= Nuclear matrix =

Fibrillar network lying on nuclear membrane

In biology, the nuclear matrix is the network of fibres found throughout the inside of a cell nucleus after a specific method of chemical extraction. According to some it is somewhat analogous to the cell cytoskeleton. In contrast to the cytoskeleton, however, the nuclear matrix has been proposed to be a dynamic structure. Along with the nuclear lamina, it supposedly aids in organizing the genetic information within the cell.

The exact function of this structure is still disputed, and its very existence has been called into question. Evidence for such a structure was recognised as long ago as 1948, and consequently many proteins associated with the matrix have been discovered. The presence of intra-cellular proteins is common ground, and it is agreed that proteins such as the Scaffold, or Matrix Associated Proteins (SAR or MAR) have some role in the organisation of chromatin in the living cell. There is evidence that the nuclear matrix is involved in regulation of gene expression in Arabidopsis thaliana.

Whenever a similar structure can actually be found in living cells remains a topic of discussion. According to some sources, most, if not all proteins found in nuclear matrix are the aggregates of proteins of structures that can be found in the nucleus of living cells. Such structures are nuclear lamina, which consist of proteins termed lamins which can be also found in the nuclear matrix.

== Validity of nuclear matrix ==
For a long time the question whether a polymer meshwork, a "nuclear matrix" or "nuclear-scaffold" or "NuMat" is an essential component of the in vivo nuclear architecture has remained a matter of debate.
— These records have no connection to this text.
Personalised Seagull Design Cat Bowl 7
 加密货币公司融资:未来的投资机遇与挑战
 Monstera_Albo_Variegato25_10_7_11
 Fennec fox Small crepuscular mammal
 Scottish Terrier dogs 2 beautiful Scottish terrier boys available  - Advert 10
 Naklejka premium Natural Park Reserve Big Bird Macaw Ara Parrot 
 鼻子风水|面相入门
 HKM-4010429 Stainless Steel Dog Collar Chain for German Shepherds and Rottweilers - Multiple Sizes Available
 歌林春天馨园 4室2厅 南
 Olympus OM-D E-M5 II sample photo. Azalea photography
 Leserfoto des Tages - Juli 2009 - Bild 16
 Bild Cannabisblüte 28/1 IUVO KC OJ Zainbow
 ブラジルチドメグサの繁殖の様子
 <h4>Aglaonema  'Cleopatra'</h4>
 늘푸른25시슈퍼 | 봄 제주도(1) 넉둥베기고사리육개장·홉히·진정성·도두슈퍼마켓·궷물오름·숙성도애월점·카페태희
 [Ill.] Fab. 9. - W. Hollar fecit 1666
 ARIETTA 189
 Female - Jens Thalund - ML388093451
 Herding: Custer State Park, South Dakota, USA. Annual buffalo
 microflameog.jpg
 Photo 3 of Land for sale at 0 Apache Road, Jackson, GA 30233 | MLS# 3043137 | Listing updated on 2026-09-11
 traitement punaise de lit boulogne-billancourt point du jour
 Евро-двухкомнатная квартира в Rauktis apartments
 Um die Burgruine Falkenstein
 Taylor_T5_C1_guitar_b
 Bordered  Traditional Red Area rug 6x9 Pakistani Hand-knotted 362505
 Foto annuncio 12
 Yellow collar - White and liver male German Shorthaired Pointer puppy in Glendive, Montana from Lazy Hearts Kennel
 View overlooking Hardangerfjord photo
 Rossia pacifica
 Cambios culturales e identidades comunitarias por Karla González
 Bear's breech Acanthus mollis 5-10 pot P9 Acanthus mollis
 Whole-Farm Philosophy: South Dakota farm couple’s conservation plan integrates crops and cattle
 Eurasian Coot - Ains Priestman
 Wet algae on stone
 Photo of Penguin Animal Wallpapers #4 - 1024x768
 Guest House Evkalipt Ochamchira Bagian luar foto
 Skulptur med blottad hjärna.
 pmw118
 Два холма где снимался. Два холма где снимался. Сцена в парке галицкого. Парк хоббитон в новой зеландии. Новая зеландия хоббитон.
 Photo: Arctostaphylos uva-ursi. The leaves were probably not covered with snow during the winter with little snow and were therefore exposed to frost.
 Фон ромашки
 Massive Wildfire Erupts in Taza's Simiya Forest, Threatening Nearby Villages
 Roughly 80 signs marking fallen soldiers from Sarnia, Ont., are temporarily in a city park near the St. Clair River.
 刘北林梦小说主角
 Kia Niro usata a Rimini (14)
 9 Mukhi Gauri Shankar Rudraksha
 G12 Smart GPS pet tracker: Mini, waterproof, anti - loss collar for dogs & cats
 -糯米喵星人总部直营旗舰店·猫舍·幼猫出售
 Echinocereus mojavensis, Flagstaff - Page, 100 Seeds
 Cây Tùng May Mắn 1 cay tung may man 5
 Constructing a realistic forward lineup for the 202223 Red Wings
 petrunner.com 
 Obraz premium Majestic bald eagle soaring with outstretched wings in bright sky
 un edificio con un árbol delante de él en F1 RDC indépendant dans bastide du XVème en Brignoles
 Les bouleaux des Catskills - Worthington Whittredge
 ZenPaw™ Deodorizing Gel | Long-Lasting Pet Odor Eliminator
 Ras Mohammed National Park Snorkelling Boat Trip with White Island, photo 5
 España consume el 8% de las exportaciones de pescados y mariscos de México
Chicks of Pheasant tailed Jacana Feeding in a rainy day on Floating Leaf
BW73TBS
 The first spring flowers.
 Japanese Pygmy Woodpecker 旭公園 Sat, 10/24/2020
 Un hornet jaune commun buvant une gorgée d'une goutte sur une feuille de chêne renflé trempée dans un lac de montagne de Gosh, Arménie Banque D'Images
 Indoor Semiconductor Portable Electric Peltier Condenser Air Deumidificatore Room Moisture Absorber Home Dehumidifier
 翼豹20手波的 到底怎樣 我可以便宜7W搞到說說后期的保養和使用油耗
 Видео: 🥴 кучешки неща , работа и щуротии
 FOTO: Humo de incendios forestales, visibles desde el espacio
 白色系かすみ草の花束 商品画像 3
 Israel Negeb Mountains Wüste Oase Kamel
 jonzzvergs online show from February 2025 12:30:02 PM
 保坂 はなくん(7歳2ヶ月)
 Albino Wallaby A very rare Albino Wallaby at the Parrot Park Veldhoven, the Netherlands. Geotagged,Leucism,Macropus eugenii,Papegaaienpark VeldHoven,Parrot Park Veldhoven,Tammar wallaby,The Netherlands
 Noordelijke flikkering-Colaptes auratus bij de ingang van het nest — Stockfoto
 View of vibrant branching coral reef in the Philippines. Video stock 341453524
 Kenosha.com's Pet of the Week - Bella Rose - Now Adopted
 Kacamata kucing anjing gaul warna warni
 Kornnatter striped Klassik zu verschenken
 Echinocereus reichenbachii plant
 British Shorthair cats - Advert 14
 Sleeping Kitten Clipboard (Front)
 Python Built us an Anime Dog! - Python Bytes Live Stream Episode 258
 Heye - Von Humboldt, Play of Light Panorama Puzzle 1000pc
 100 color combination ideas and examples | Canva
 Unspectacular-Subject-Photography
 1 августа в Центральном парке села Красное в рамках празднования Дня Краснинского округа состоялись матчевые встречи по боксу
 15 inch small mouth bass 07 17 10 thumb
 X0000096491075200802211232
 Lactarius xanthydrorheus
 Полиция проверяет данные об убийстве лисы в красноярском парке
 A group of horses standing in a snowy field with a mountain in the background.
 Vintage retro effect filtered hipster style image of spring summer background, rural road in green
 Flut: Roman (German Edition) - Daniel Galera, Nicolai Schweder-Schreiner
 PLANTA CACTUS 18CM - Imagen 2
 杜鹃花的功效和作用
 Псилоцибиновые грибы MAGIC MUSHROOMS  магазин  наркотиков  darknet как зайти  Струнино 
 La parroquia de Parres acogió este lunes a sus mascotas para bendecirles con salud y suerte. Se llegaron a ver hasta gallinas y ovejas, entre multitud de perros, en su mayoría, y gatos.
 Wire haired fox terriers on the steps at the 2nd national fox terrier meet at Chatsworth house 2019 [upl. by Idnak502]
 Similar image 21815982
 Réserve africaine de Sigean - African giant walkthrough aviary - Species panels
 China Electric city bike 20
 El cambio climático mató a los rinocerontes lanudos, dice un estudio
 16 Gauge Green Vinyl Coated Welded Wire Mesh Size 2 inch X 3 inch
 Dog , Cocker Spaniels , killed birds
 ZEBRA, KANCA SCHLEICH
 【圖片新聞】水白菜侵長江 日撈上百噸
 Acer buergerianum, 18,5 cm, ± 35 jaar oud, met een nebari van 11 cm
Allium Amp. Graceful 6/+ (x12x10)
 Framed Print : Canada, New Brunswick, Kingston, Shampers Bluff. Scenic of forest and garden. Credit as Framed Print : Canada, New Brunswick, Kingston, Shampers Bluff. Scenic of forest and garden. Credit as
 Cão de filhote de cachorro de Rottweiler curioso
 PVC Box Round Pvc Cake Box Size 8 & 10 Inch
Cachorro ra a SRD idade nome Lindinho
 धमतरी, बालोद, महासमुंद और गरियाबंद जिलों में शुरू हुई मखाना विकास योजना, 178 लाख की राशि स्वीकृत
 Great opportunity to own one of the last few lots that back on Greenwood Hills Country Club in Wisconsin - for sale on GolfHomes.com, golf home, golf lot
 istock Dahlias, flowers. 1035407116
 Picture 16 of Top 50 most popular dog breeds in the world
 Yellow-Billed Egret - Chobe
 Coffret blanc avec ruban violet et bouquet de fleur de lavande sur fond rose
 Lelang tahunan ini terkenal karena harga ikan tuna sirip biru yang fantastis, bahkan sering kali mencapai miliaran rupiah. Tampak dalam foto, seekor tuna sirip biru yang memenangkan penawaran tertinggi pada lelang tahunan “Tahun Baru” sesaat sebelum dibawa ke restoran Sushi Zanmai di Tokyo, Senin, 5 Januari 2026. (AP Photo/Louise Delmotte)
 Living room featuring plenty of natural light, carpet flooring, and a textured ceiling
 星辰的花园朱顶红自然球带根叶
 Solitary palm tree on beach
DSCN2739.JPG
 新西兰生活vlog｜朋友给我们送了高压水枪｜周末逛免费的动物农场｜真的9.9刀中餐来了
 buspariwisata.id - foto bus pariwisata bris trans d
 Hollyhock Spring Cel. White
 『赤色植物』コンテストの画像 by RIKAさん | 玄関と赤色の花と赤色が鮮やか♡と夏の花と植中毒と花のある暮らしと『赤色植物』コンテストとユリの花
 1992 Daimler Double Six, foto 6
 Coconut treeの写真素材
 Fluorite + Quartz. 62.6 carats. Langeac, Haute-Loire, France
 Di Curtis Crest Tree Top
While there are arguments that the relative position of chromosome territories (CTs), the equivalent of condensed metaphase chromosomes at interphase, may be maintained due to steric hindrance or electrostatic repulsion forces between the apparently highly structured CT surfaces, this concept has to be reconciled with observations according to which cells treated with the classical matrix-extraction procedures maintain defined territories up to the point where a minor subset of acidic nuclear matrix proteins is released – very likely those proteins that governed their association with the nuclear skeleton. The nuclear matrix proteome consists of structural proteins, chaperones, DNA/RNA-binding proteins, chromatin remodeling and transcription factors. The complexity of NuMat is an indicator of diverse structural and functional significance of its proteins.

== Scaffold/Matrix attachment regions (S/MARs) ==
S/MARs (scaffold/matrix attachment regions), the DNA regions that are known to attach genomic DNA to variety of nuclear proteins, show an ever increasing spectrum of established biological activities. There is a known overlap of this large group of sequences with sequences termed LADs (lamina attachment domains).

S/MARs find increasing use for the rational design of vectors with widespread use in gene therapy and biotechnology. Nowadays S/MAR functions can be modulated, improved and custom-tailored to the specific needs of novel vector systems.

==Nuclear matrix and cancer==
The nuclear matrix composition on human cells has been proven to be cell type and tumor specific. It has been clearly demonstrated that the nuclear matrix composition in a tumor is different from its normal counterparts. This fact could be useful to characterize cancer markers and to predict the disease even earlier. These markers have been found in urine and blood and could potentially be used in early detection and prognosis of human cancers.